Re: Import gedcom with photos from online url

Post by tatewise »

Colin, you introduced the term 'supplier' but I suspected they were friend or family. Their webserver needed no credentials so the gist of what I said is correct.
Mike Tate ~ researching the Tate and Scott family history ~ tatewise ancestry
User avatar
Valkrider
Megastar
Posts: 1563
Joined: 04 Jun 2012 19:03
Family Historian: V7
Location: Lincolnshire
Contact:

Re: Import gedcom with photos from online url

Post by Valkrider »

This is CP's reply
We will log this as a request for consideration.

In the meantime you could create a plugin to download those images locally as long as they are not behind a fire/pay wall.
User avatar
tatewise
Megastar
Posts: 28341
Joined: 25 May 2010 11:00
Family Historian: V7
Location: Torbay, Devon, UK
Contact:

Re: Import gedcom with photos from online url

Post by tatewise »

Easier said than done!

If luacom.CreateObject("winhttp.winhttprequest.5.1") is the method of using HTTPS then I don't understand how.
The advice at https://docs.microsoft.com/en-us/window ... in-winhttp only discusses the Microsoft interface and I could not relate that to a possible Lua solution.

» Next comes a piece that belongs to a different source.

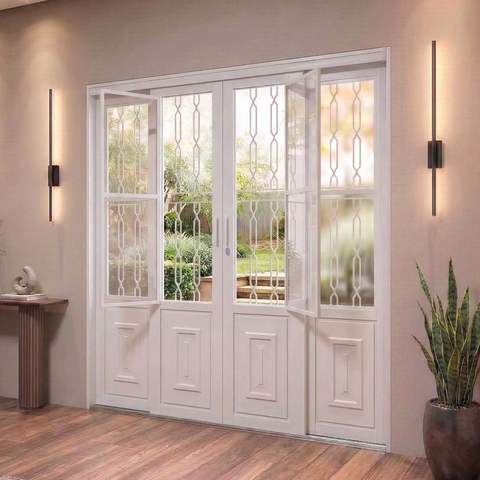 Porta de Aço de Correr 213x200cm 4 Folhas com Grade Mosaico e Vidro Liso Facilita Lucasa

The Lua Sec library from https://github.com/brunoos/luasec/wiki is intended to work with the Lua Socket library to support HTTPS but in Oct 2017 CP could not find a suitably compiled version. However, the website was updated in Oct 2019 and has active postings throughout 2020 and 2021 so the libarary is being used by some.

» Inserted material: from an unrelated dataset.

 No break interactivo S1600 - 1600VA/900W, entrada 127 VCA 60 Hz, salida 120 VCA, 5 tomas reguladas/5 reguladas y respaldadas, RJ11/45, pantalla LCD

I don't have the time or resources to dig any deeper.
Mike Tate ~ researching the Tate and Scott family history ~ tatewise ancestry
User avatar
ColeValleyGirl
Megastar
Posts: 5465
Joined: 28 Dec 2005 22:02
Family Historian: V7
Location: Cirencester, Gloucestershire
Contact:

Re: Import gedcom with photos from online url

Post by ColeValleyGirl »

Mike, this describes the COM interface albeit using jScript as an example.
User avatar
tatewise
Megastar
Posts: 28341
Joined: 25 May 2010 11:00
Family Historian: V7
Location: Torbay, Devon, UK
Contact:

Re: Import gedcom with photos from online url

Post by tatewise »

Thanks Helen, that is more digestible, so I started experimenting, but did not need that authorisation process!
Amazingly the standard winhttp script below downloaded media from Ancestry without username & password.

Code: Select all

local strTarget = fhGetContextInfo("CI_PROJECT_DATA_FOLDER").."\\Media\\Download".
local strURL = "http://.......URL......"
local http = luacom.CreateObject("winhttp.winhttprequest.5.1")
http:Open("GET",strURL,false)
http:Send()
http:WaitForResponse(30)
local state = http.Status	-- 200 is good, 400, 404 & others bad
local head = http.GetAllResponseHeaders("")	-- Content-Type = file type
local body = http.ResponseBody
local fileHandle, strError = io.open(strTarget,"wb")
fileHandle:write(body)
if io.type(fileHandle) == "file" then
	assert(fileHandle:close())
end
Unfortunately, the URL held in the GEDCOM OBJE.FILE tag does not work without some 'adjustment'.
OBJE.FILE URL minus leading http:
//trees.ancestry.com/rd?f=image&guid=c4a31e4e-069f-431d-a08a-5fa71d73a233&tid=15707378&pid=1
Plugin URL minus leading http:
//mediasvc.ancestry.com/v2/image/namespaces/1093/media/c4a31e4e-069f-431d-a08a-5fa71d73a233?client=TreesUI
i.e.
The guid= 38-char code maps directly across but the magic number 1093 needs user assistance.
The user must sign-in, open the Gallery, open any image, then use right-click View Image to reveal that number.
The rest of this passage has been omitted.